更新時間は基本AM7~8時、PM12~14時、PM18~20時です。遅れていてもこの時間には上げます。

もしこの時間に投稿されていなかったらその時間にはできていません。

最近ちょっと忙しいのでもしかすると投稿しない日もあるかもしれません。

全員の二次予選戦が終わった翌日、

俺たちはエストニア家に集合していた。

何故かアスキーも来ている。


「いやー、クレルの戦いは良かったな。でも.....あのなんかカッコイイ術はどうやって身に着けたんだ?」

「偶然だな」

「.....私は詮索しないから」

「皆様、楽しまれているようで何よりですわ」


今後に向けての会議のつもりだったはずなのだが、

先程から同じ話ばかりしている。

ふと部屋の入り口を見れば、アスキーがエストニア家のメイドから茶のトレーを貰っている。エストニア家の面々は殆ど地方に移ったが、しっかり真面目になった次男のブラウトと彼を慕う使用人たち、そしてアレックスに対して悪感情を持たない真の下っ端たちが残ったのだ。それにしても、アスキーって俺以外にはひたすら高圧的なんだなぁ。

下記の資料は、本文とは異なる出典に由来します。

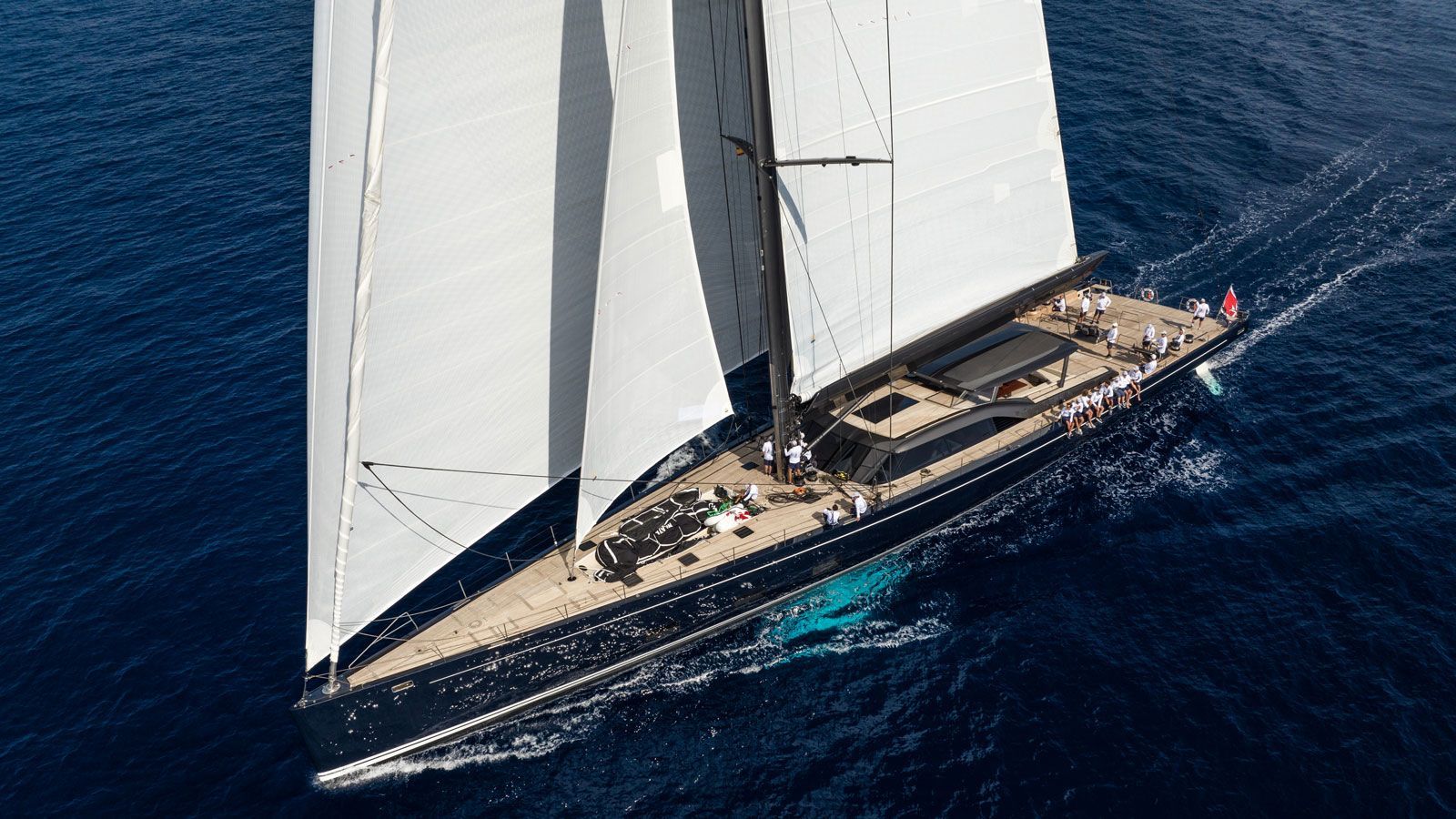 royal huisman sy nilaya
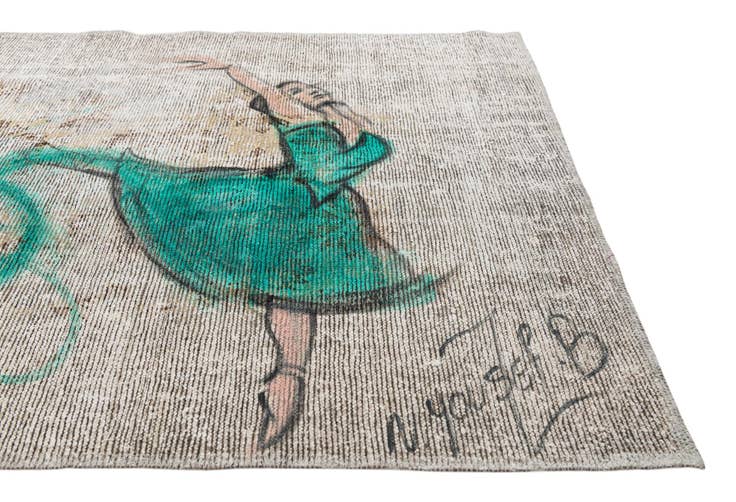 Detail image of 3' 3 x 5' 3 Hand Knotted Ultra Vintage Persian Wool Rug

「.......そうだ、ユカリ様は恐らくチーズケーキを好まれるだろう、変えろ」

「分かりました、では後でお持ちいたします」

「早くしろ」


別にケーキなんて甘ければ何も変わりはしないと思うんだけどな.....

女子はその辺違う違うと言いそうだが、俺の価値観は未だに男なのでそういう所がよく分からない。

俺は死んだ眼でクレルの話ばかりするアレックスとそれに「偶然だよ」とか「ああ、ちょっとね」とか答えるクレル、ケーキやお菓子をぱくつくシュナ、優雅に茶を飲むユイナ、「魔術応用理論~多重魔法陣による合成魔法~」という本を読んでいるベル、呪王と話をしているリンド、その傍で寝ているタツミ先輩、そして部屋の隅で剣の手入れをしているアラドを見渡した。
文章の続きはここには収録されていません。